Now Lebanon - March 14 officials request deportation of pro-Assad Syrians, May 29, 2014



A number of March 14 figures called for the expulsion of Syrians loyal to the regime of President Bashar al-Assad, for purportedly provoking the Lebanese during their participation in the Syrian elections in Lebanon.



“The Lebanese government must deport pro-regime Syrians [because] the provocations they carried out in Lebanon under the pretext of participating in the elections are proof that… they do not fit the refugee profile,” March 14’s General Secretariat said Wednesday in a statement issued following its regular meeting.



Lebanese Forces MP Fadi Karam also called for the return of pro-regime Syrians to their country.



“Let Bashar al-Assad’s shabiha [militia] leave Lebanese territory immediately and go support him on their land, instead of bothering and provoking the Lebanese,” Karam tweeted on Wednesday.
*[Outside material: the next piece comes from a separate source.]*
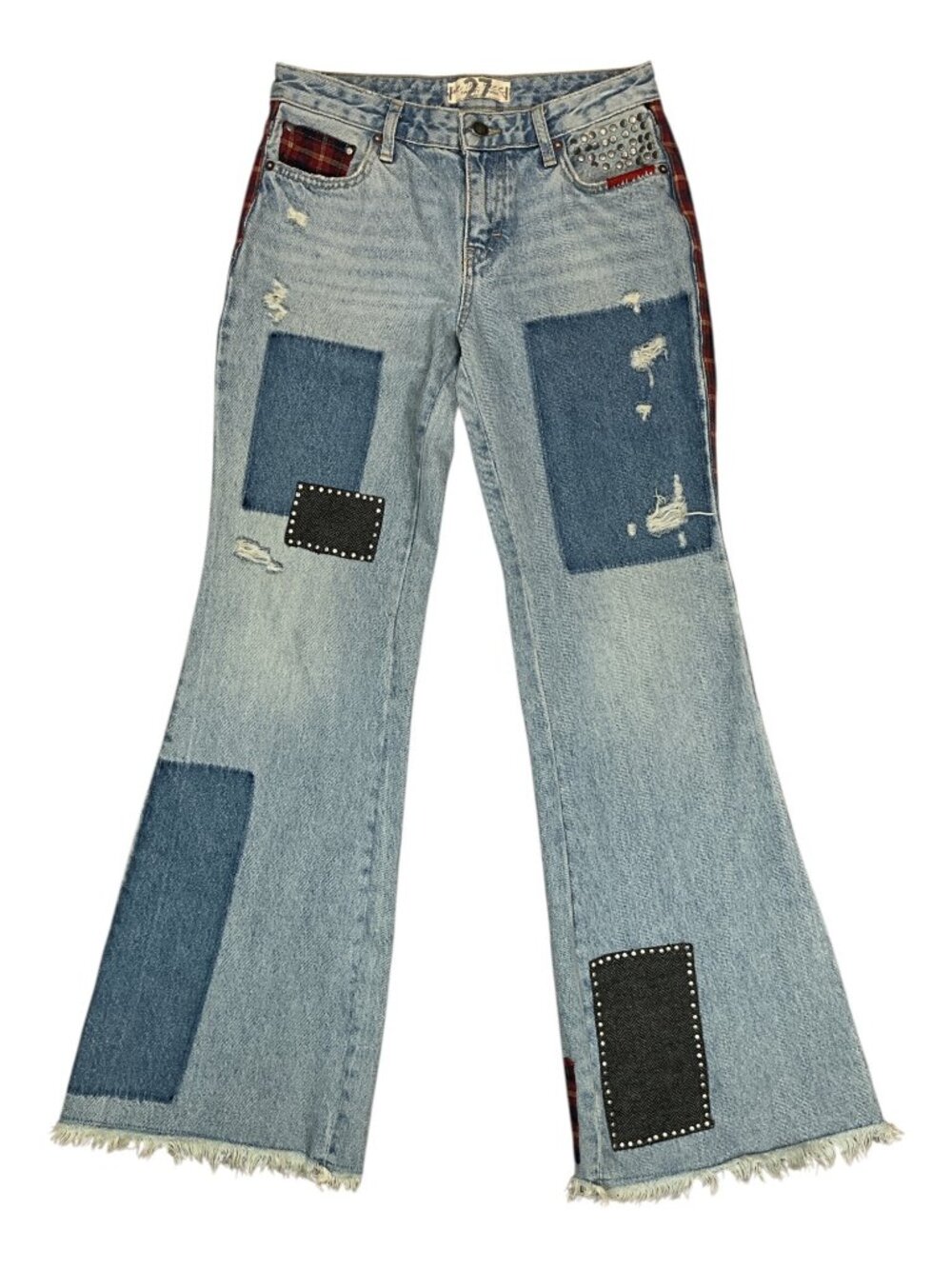 Free People We The Free Plaid Mixed Slim Flare Jean 27 Mid Rise Patchwork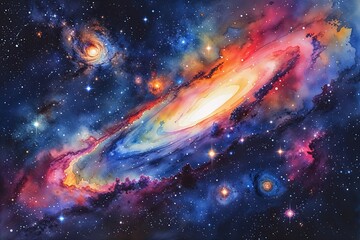 Wall Mural - colorful cosmic watercolor illustration of a starry galaxy with nebula and space background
MP Marwan Hamadeh lashed out at the voting, calling it a “shameful scene.”



“Within a few meters of the abandoned Baabda [presidential] Palace and a short distance from the revered Defense Ministry, Syrian Intelligence and its local allies [in reference to Hezbollah] organized dishonorable marches of the fascist [Syrian] regime’s shabiha,” the March 14 parliamentarian said in a statement.



He further lambasted the Assad regime by claiming that “the role of the Syrian regime’s embassy overrode all considerations of Lebanese sovereignty.”



Earlier on Wednesday, Syrian citizens living in Lebanon made their way to a polling station set up in the Syrian embassy in the town of Yarzeh, near Beirut, to participate in presidential elections for their war-torn country.



Disturbances were reported in Yarzeh, as Syrian voters allegedly failed to abide by Lebanese security forces’ directions.



The Shiite party Hezbollah was purported to have provided financial and security cover for pro-regime voters, in an attempt to have their ally, Bashar al-Assad, reelected as Syria’s head of state.





The embattled country is currently running its first multi-candidate presidential election, in which Assad is expected to secure victory, despite the ongoing conflict that has led to the death of 150,000 people and displaced approximately nine million others.